Required work
Exact reproductions of all the entries, please, and no pictures.

─── Input ───

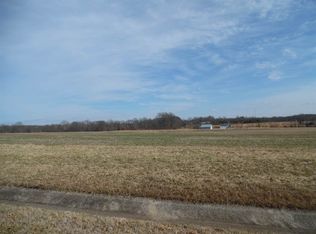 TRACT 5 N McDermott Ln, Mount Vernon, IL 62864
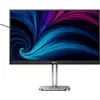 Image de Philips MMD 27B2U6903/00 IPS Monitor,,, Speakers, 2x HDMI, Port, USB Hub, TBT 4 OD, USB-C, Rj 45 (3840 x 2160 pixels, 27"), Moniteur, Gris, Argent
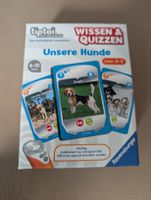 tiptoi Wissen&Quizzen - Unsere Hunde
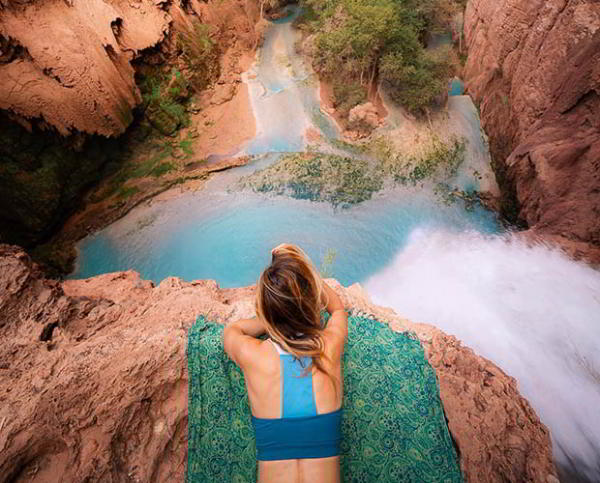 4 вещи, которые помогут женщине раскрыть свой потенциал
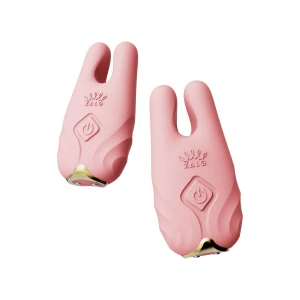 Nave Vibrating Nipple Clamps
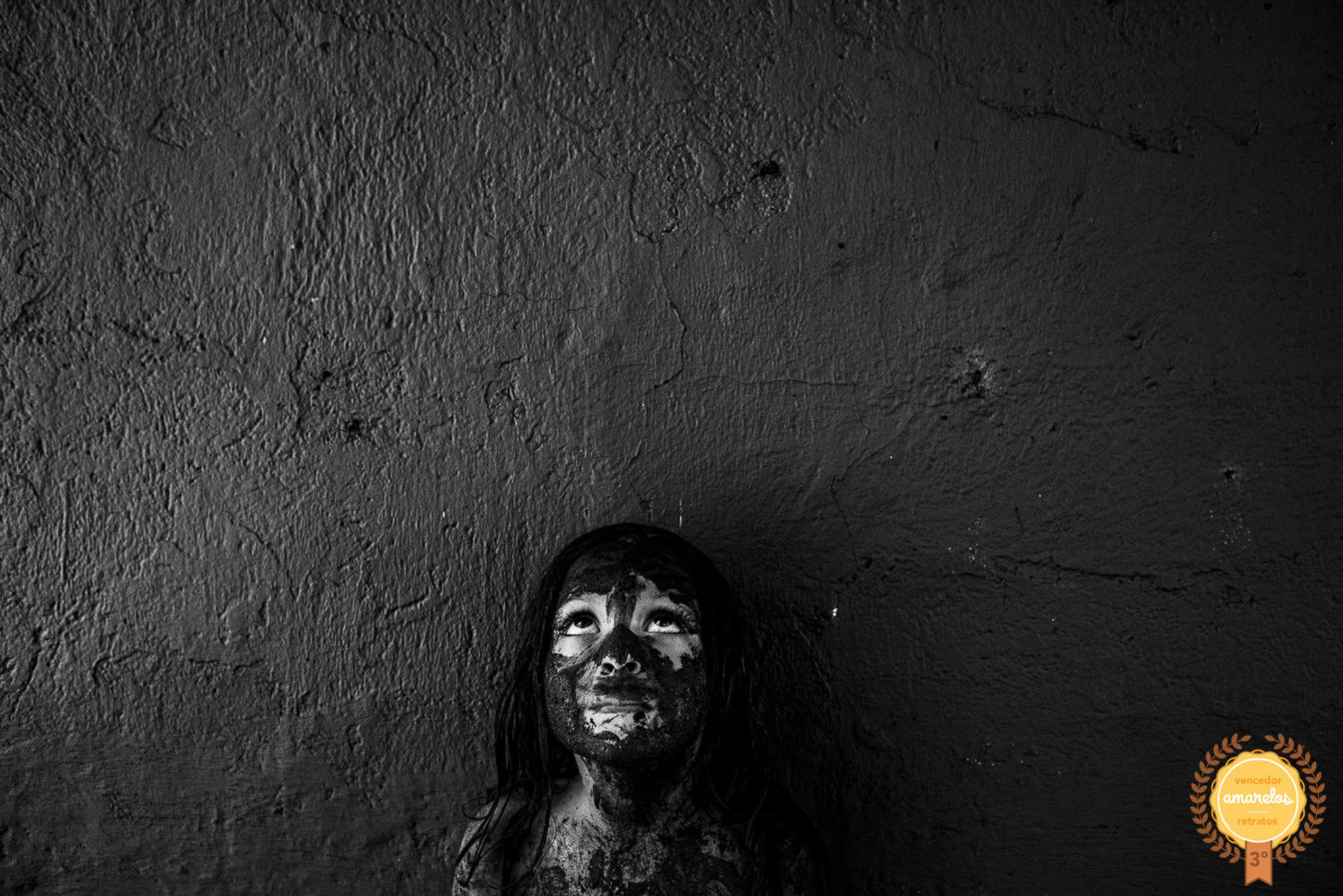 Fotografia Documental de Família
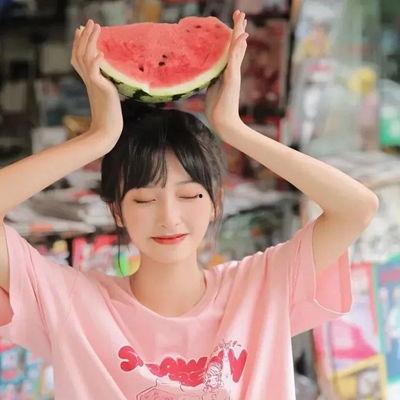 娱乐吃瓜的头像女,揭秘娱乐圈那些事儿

───

Task output
 TRACT 5 N McDermott Ln, Mount Vernon, IL 62864
 Image de Philips MMD 27B2U6903/00 IPS Monitor,,, Speakers, 2x HDMI, Port, USB Hub, TBT 4 OD, USB-C, Rj 45 (3840 x 2160 pixels, 27"), Moniteur, Gris, Argent
 tiptoi Wissen&Quizzen - Unsere Hunde
 4 вещи, которые помогут женщине раскрыть свой потенциал
 Nave Vibrating Nipple Clamps
 Fotografia Documental de Família
 娱乐吃瓜的头像女,揭秘娱乐圈那些事儿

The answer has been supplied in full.